Exercise description
Your copy of the data should match it exactly, leaving out only the pictures.

Recorded data
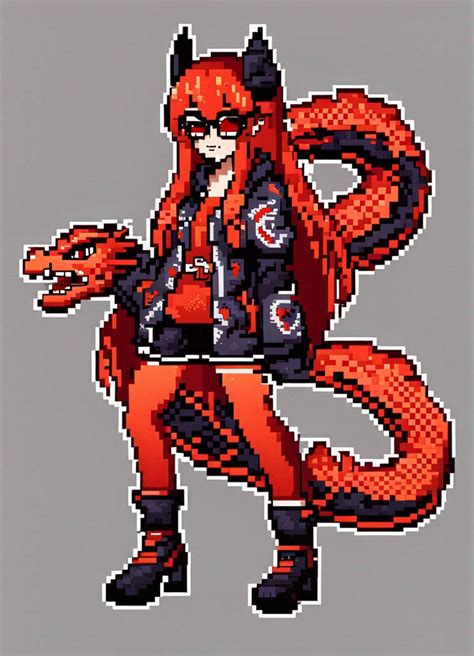 Ruby Red Eyes Long Red Hair Dragon Girl Orange By Diamond67death On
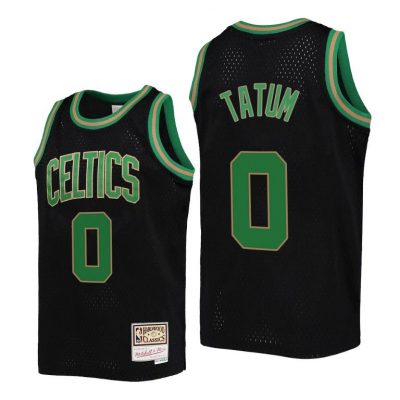 Youth Jayson Tatum Boston Celtics Jersey #0 Reload Black Hardwood Classics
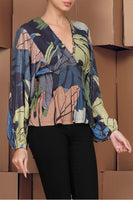 Bl^nk London Clothing Style 38093 Multi;exotic leaf printed top;Bl^nk London V-Neck Top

Answer space
 Ruby Red Eyes Long Red Hair Dragon Girl Orange By Diamond67death On
 Youth Jayson Tatum Boston Celtics Jersey #0 Reload Black Hardwood Classics
 Bl^nk London Clothing Style 38093 Multi;exotic leaf printed top;Bl^nk London V-Neck Top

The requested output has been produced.